Abstract

Sensorineural hearing loss (SNHL) effects on neural coding and perception have been largely associated with outer-hair-cell (OHC) dysfunction (e.g., reduced cochlear gain, reduced compression, broadened tuning). However, both inner-hair-cell (IHC) and OHC dysfunction occur in common hearing-loss etiologies, e.g., noise-induced and age-related (metabolic). Although IHC effects are largely ignored based on the insensitivity of audiograms to IHC loss up to 80%, the same selective IHC damage affects suprathreshold hearing (e.g., tone-in-noise detection, EFRs to periodic stimuli).
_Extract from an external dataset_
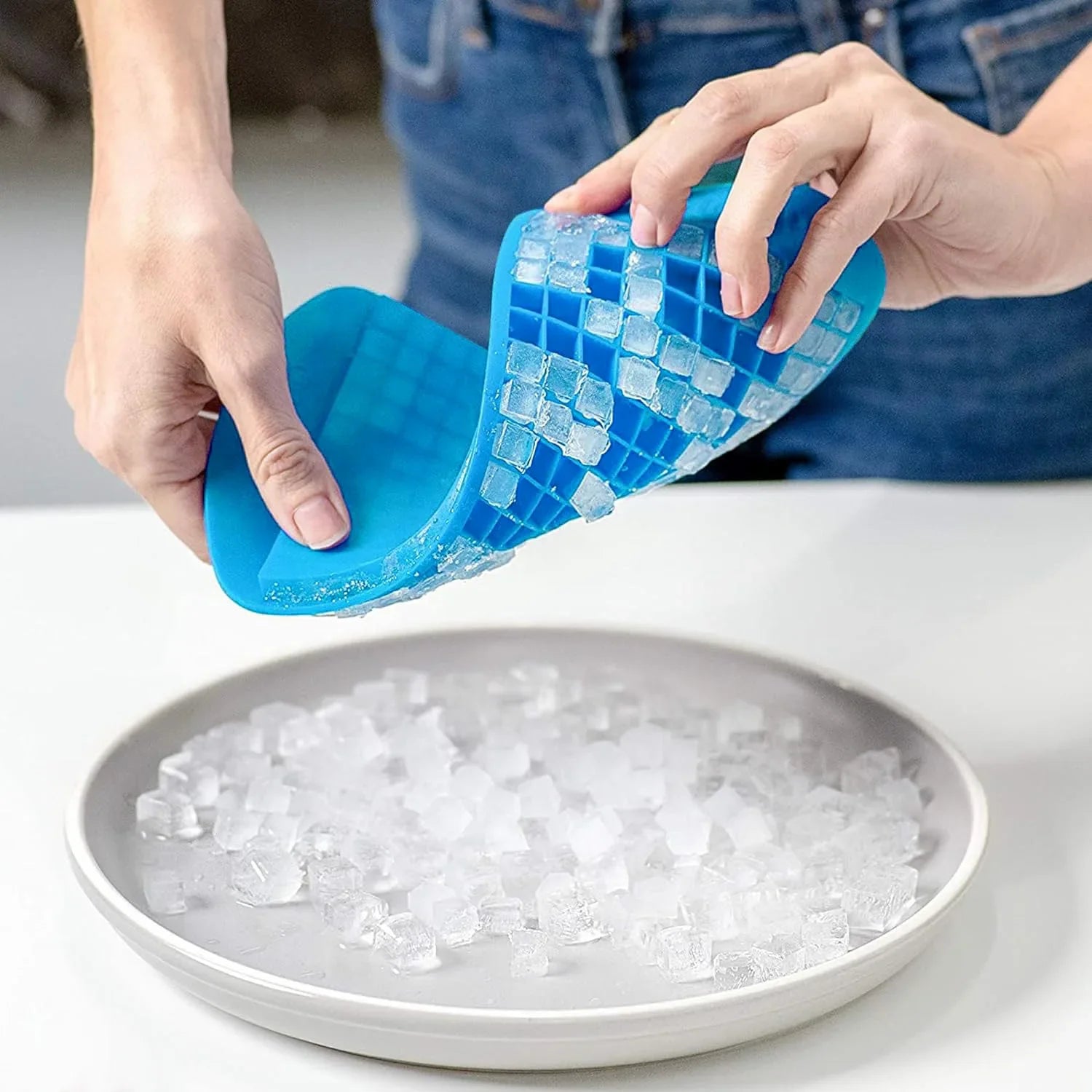 Mini Ice Box Food Grade Material Small Cube Maker 160 Small Grid Crushed Ice Pure Sil alternate view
Phenomenological auditory-nerve (AN) models are useful for studying neural-coding effects of SNHL, but their parametric control of OHC and IHC function (e.g., cohc and cihc parameters, Bruce et al., 2018) are designed based on data from animals with noise-induced hearing loss (OHC/IHC dysfunction combined). Although this approach has proven successful for OHC effects, testing of IHC-based effects has been largely indirect. Here, we compare model predictions to our previously collected AN-fiber responses to amplitude-modulated stimuli in animals with either carboplatin-induced selective IHC dysfunction or gentamicin-induced selective OHC damage to provide more direct testing of IHC and OHC effects. Model parameters were estimated from histology, ABR thresholds, AN-fiber rates, and spike-train statistical metrics (e.g., vector strength, discriminability, mutual information).